‘Integrity is what you do when no one is watching,’ actress tells VUU grads
Thomas Kidd | 5/19/2018, 3:31 p.m.
By Thomas Kidd
Virginia Union University graduates were encouraged to focus on a life of substance, and not one of superficiality, during the school’s 119th commencement last Saturday at Hovey Field on the campus.
Actress Keshia Knight Pulliam, best known for her role as Rudy Huxtable on the popular, long-running television sitcom “The Cosby Show,” gave a heartfelt talk to the more than 300 graduates and their families and friends in what she acknowledged was her first-ever commencement address.
“This is very special and dear to my heart. I am proud that you would put this trust in me,” said the 39-year old Ms. Pulliam, who graduated in 2001 with honors from Spelman College with a bachelor’s in sociology and a concentration in film.
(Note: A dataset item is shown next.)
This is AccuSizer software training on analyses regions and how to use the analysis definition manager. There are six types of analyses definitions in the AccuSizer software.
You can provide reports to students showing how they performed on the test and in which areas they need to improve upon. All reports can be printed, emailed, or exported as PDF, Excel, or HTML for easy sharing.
She confessed that she had no recollection of who spoke at her graduation but promised that she would make every effort to be relevant, memorable and brief.
“I know you want to ‘turn up’ and celebrate with family and friends. And I don’t know how long this pressed hair is going to hold up,” she joked with the audience, many of whom had begun seeking shade under the bleachers at the outdoor stadium to escape the hot morning sun.
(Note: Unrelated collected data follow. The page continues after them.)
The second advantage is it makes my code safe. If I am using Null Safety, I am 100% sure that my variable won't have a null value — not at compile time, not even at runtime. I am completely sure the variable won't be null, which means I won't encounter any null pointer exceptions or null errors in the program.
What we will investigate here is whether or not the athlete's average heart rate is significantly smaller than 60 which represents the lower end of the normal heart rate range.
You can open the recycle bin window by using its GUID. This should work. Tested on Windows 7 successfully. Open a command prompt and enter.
Ms. Pulliam urged graduates to avoid social media culture, which she feels promotes an unrealistic representation of success.
“Everyone wants to show their highlight reel, but no one wants to show the work,” she told the graduates. “Embrace adversity. Lean into it, because you only grow when you are not in your comfort zone.”
Ms. Pulliam, an NAACP Image Award winner whose recent acting projects include “Madea Goes to Jail” and “Tyler Perry’s House of Payne,” went on to identify the personal qualities she said she has adopted to further her development and success. Among them: To be authentic, to practice humility and to operate with integrity.
“Integrity is what you do when no one is watching,” she said.
The Atlanta resident did not talk about her personal life – she was divorced recently from former NFL player Ed Hartwell and awarded custody of their year-old daughter. Nor did she talk about her TV dad and mentor, Bill Cosby, 80, who was convicted April 26 in a Pennsylvania court of drugging and raping Andrea Constand, then a 30-year-old director of operations for the women’s basketball team at Temple University, in 2004.
Ms. Pulliam accompanied Mr. Cosby to court last June during his first trial, which ended in a hung jury. But she did not go to court to support him during the recent retrial, which was considered the first big trial since the #MeToo movement’s national spotlight on sexual assault and harassment. Mr. Cosby, who remains free on bond until his sentencing this summer, faces up to 30 years in prison.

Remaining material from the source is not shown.